Advances in materials performance often require the development of composite system. In the present investigation, SiO2-reinforced nickel composite coatings were deposited on a mild steel substrate using direct current electrodeposition process employing a nickel acetate bath. Surface morphology, composition, microstructure and crystal orientation of the Ni and Ni-SiO2 nanocomposite coatings were investigated by scanning electron microscope, energy dispersive X-ray spectroscopy and X-ray diffraction analysis, respectively. The effect of incorporation of SiO2 particles in the Ni nanocomposite coating on the microhardness and corrosion behaviour has been evaluated. Smooth composite deposits containing well-distributed silicon oxide particles were obtained. The preferred growth process of the nickel matrix in crystallographic directions <111>, <200> and <220> is strongly influenced by SiO2 nanoparticles. The average crystallite size was calculated by using X-ray diffraction analysis and it was similar to 23 nm for electrodeposited nickel and similar to 21 nm for Ni-SiO2 nanocomposite coatings. The crystallite structure was fcc for electrodeposited nickel and Ni-SiO2 nanocomposite coatings.
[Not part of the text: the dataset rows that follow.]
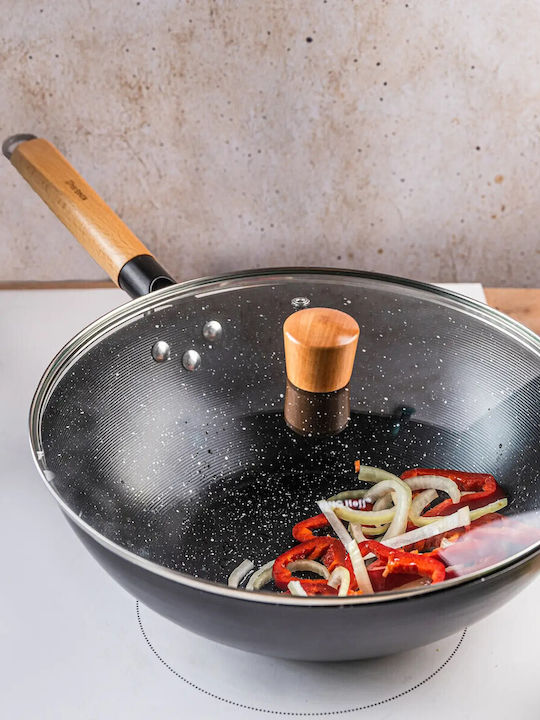 KING Hoff Wok από Αλουμίνιο Με Καπάκι με Επίστρωση από Πέτρα 30cm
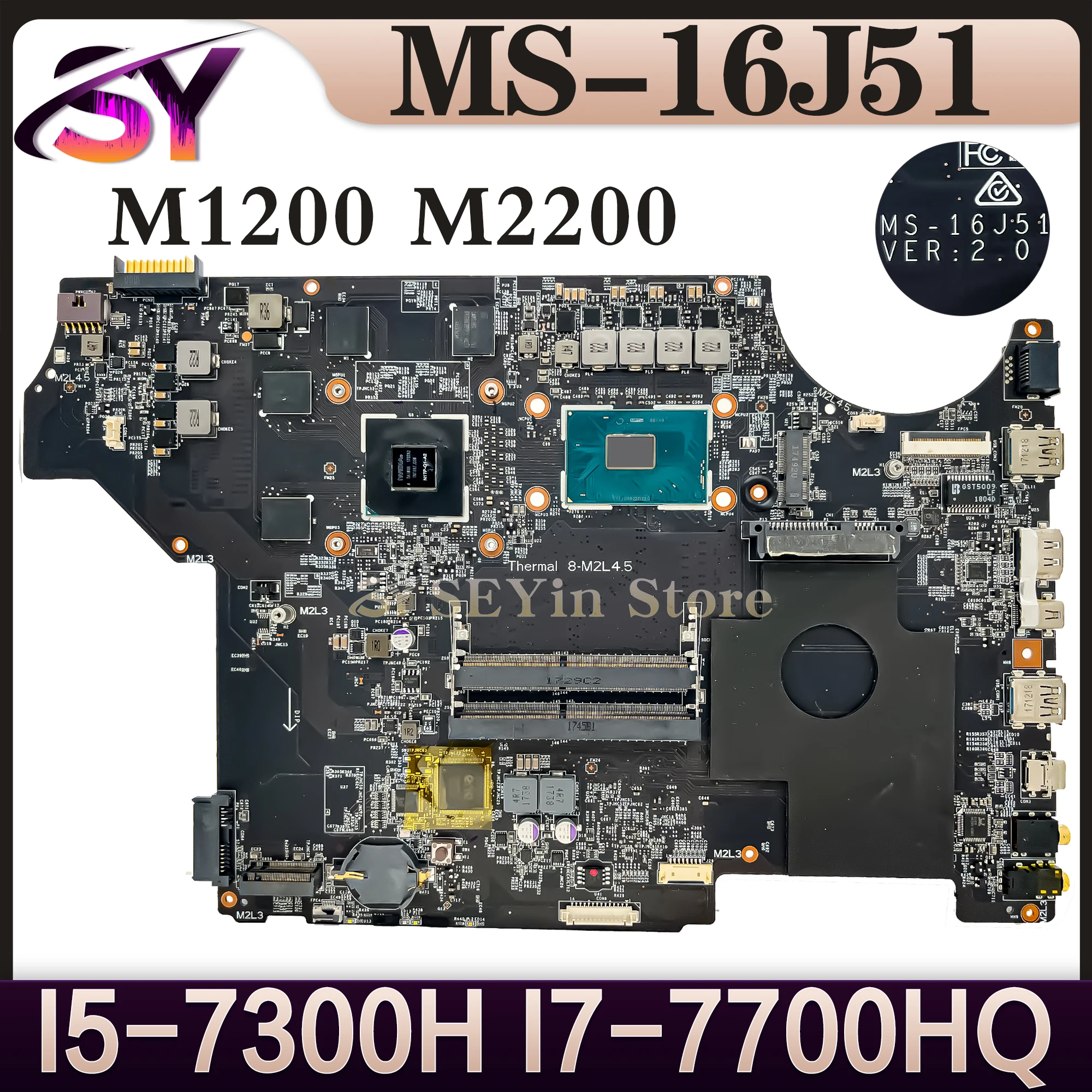 

MS-16J51 Mainboard For MSI GL62 (7TH GEN) MS-16J5 MS-16J51 Laptop Motherboard I5-7300HQ I7-7700HQ M1200/M2200 100% Working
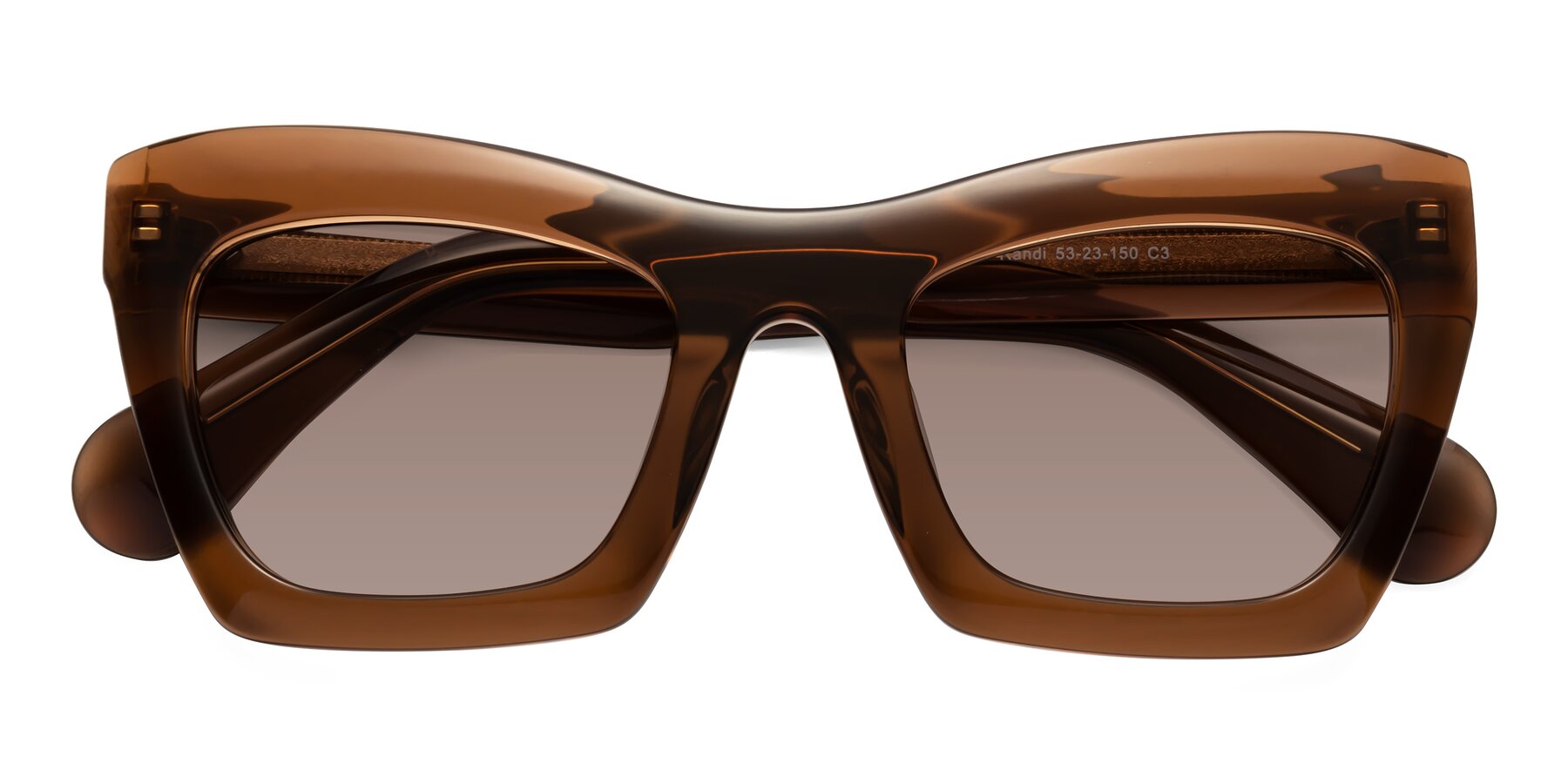 Folded Front of Randi in Brown with Medium Brown Tinted Lenses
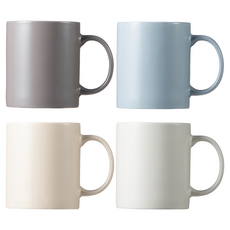 comet 日常馬克杯4件組, 1組, 灰色，藍色，米色，白色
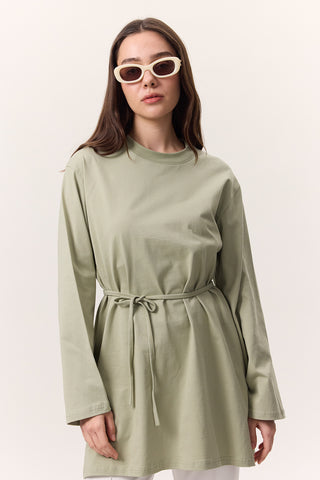 Oversized T-Shirt With Tie Detail Pistachio Green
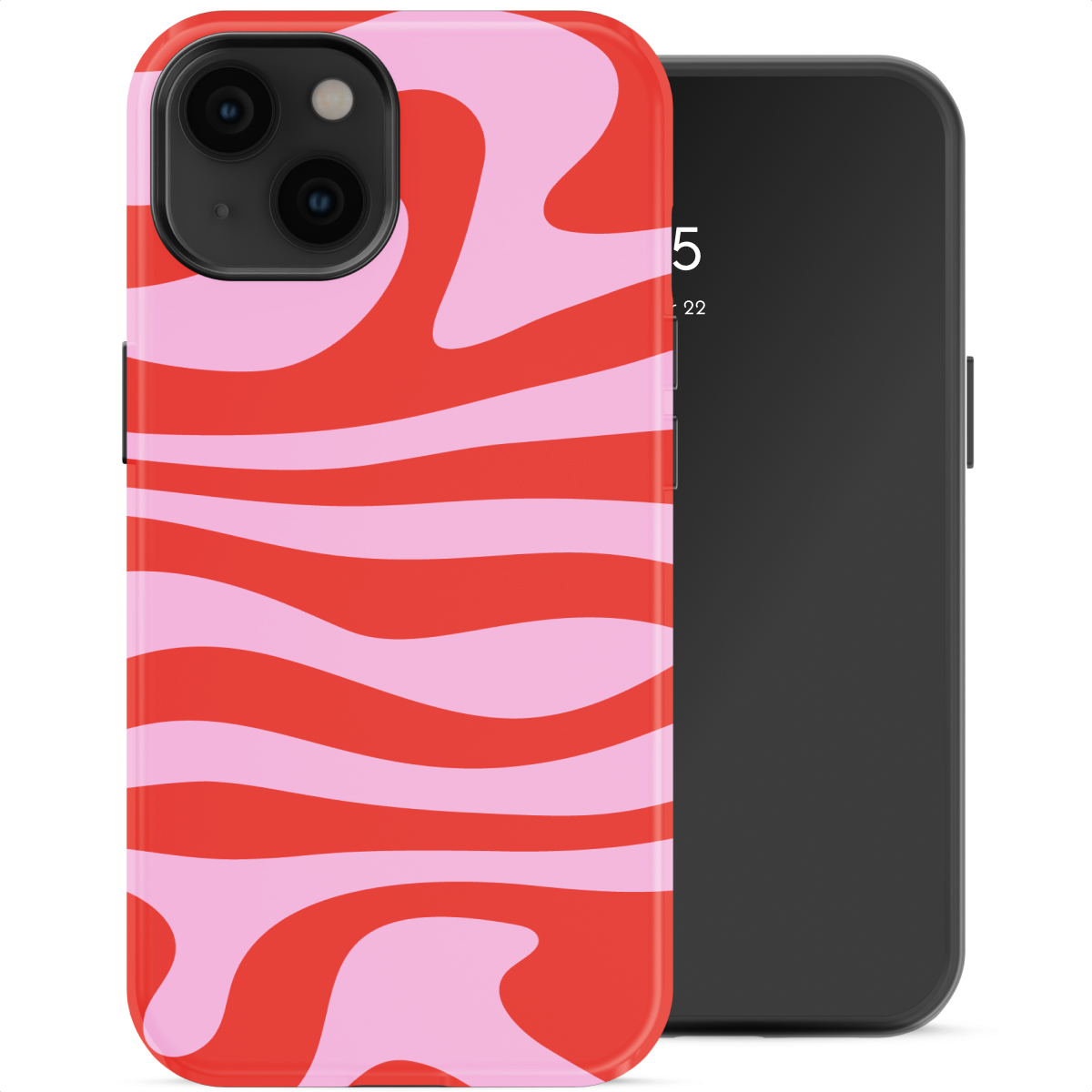 Une coque de téléphone à rayures ondulées rouges et roses à côté d'un smartphone noir.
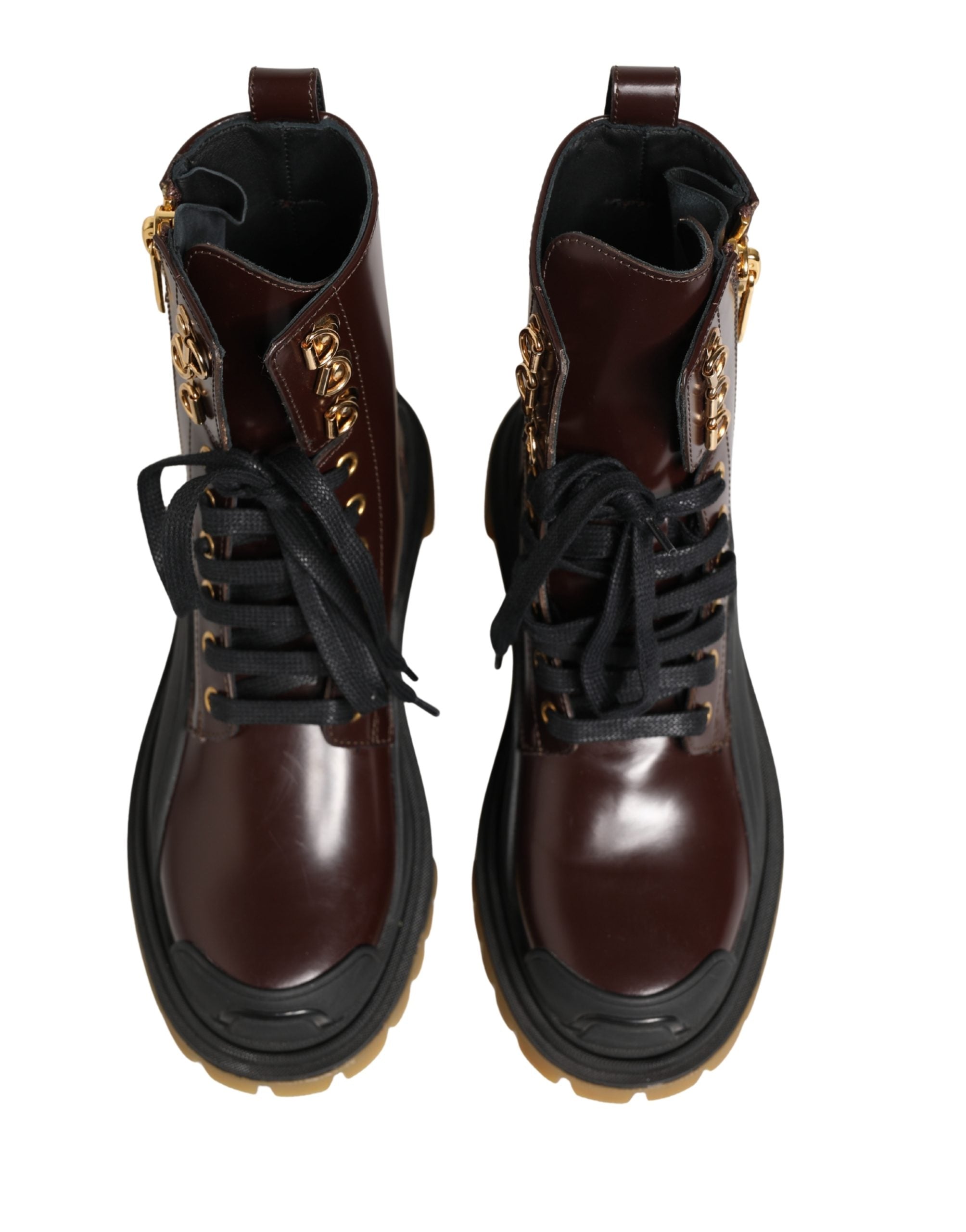 Dolce & Gabbana Maroon Leather Lace Up Biker Boots Shoes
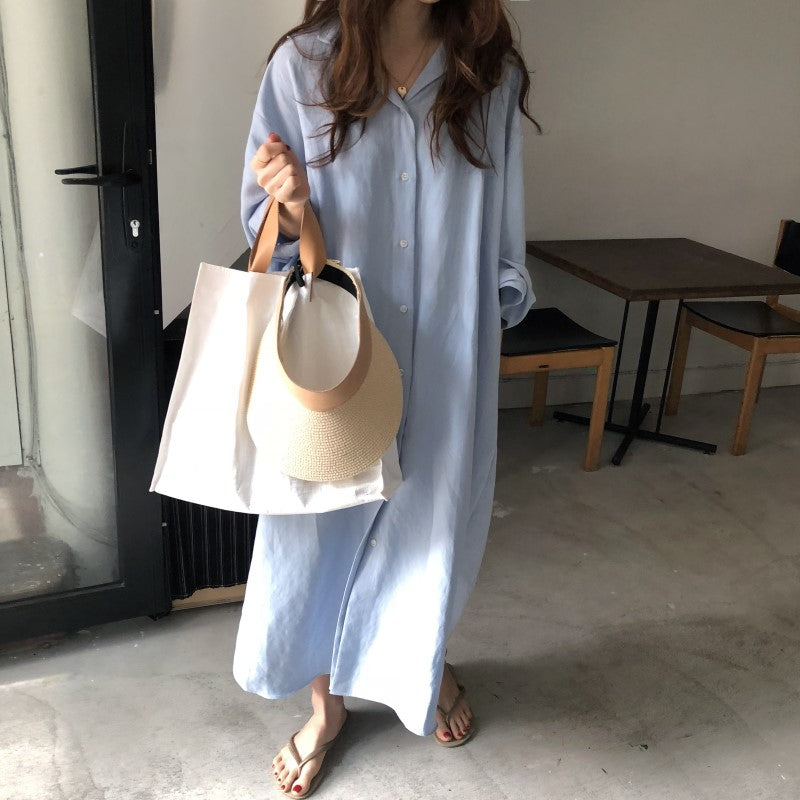 [Korean Style] 5 Colors Oversized Textured Maxi Cotton Shirtdress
The incorporation of SiO2 particles into the Ni matrices was found to improve corrosion resistance of pure Ni coatings. The corrosion potential (E-corr) in the case of Ni-SiO2 nanocomposite coatings had shown a negative shift, confirming the cathodic protective nature of the coating. The Ni-SiO2 composite coatings have exhibited significantly improved microhardness (615 HV) compared to pure nickel coatings (265 HV)